Would you transcribe exactly the lines below, starting at the one that contains "Livy posting beberapa" and ending with the last line, both included? Leave out all other lines.

**** SOURCE DATA

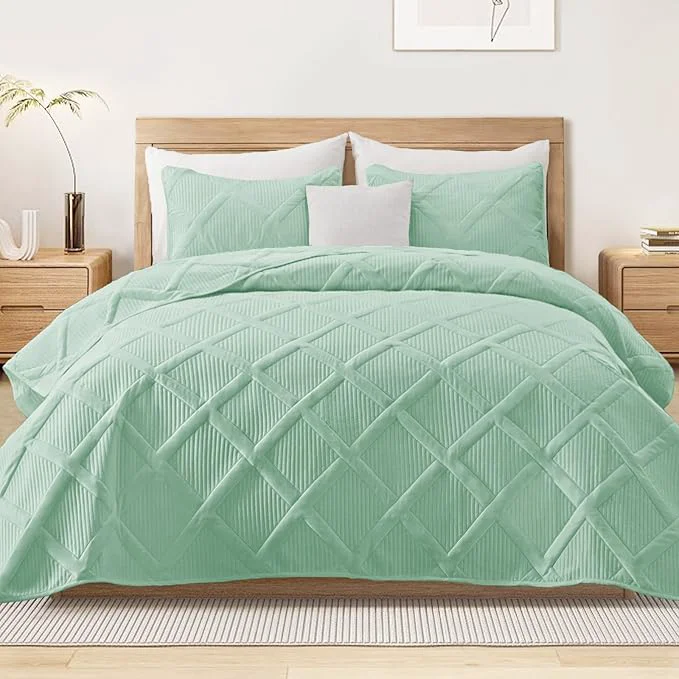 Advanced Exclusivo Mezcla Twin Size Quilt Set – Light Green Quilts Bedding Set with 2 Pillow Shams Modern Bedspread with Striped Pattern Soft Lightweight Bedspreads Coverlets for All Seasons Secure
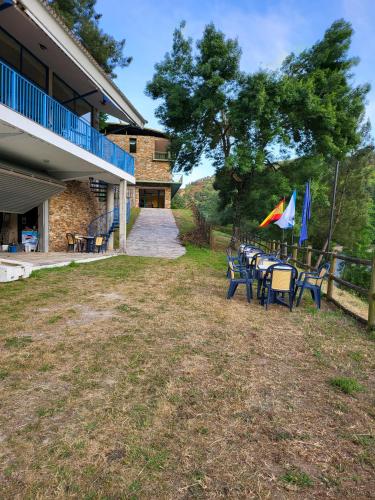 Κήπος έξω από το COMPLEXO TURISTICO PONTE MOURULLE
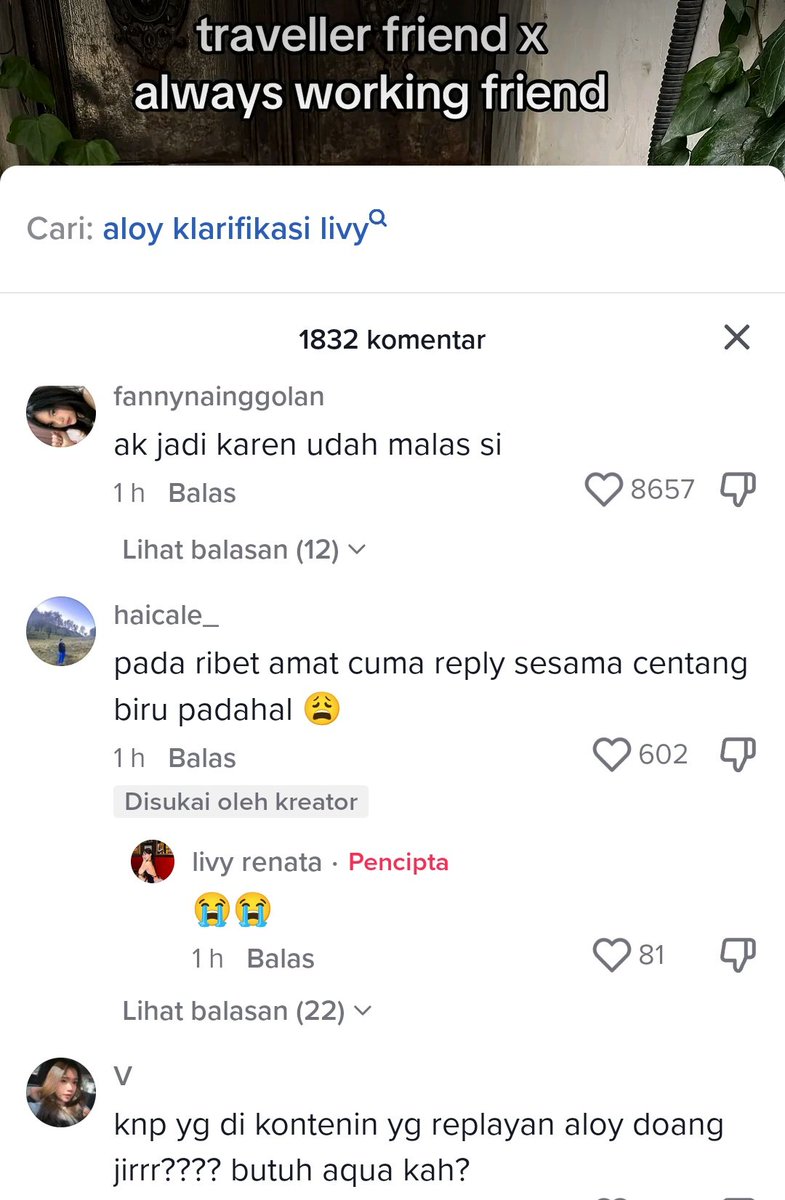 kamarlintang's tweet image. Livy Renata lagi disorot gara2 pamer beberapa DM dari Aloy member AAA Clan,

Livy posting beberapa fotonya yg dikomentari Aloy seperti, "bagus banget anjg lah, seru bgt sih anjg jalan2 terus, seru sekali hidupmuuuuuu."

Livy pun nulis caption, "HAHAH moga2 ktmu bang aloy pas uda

********

◆ EXERCISE OUTPUT:
Livy posting beberapa fotonya yg dikomentari Aloy seperti, "bagus banget anjg lah, seru bgt sih anjg jalan2 terus, seru sekali hidupmuuuuuu."

Livy pun nulis caption, "HAHAH moga2 ktmu bang aloy pas uda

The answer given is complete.